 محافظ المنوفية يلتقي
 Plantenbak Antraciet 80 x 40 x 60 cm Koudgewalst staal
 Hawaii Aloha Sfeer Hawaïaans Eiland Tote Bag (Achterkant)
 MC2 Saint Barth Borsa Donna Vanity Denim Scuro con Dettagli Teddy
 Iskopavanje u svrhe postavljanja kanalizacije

■ PROMPT ■
The whole listing is to be transcribed exactly.

■ SOLUTION TO THE PROBLEM ■
 محافظ المنوفية يلتقي
 Plantenbak Antraciet 80 x 40 x 60 cm Koudgewalst staal
 Hawaii Aloha Sfeer Hawaïaans Eiland Tote Bag (Achterkant)
 MC2 Saint Barth Borsa Donna Vanity Denim Scuro con Dettagli Teddy
 Iskopavanje u svrhe postavljanja kanalizacije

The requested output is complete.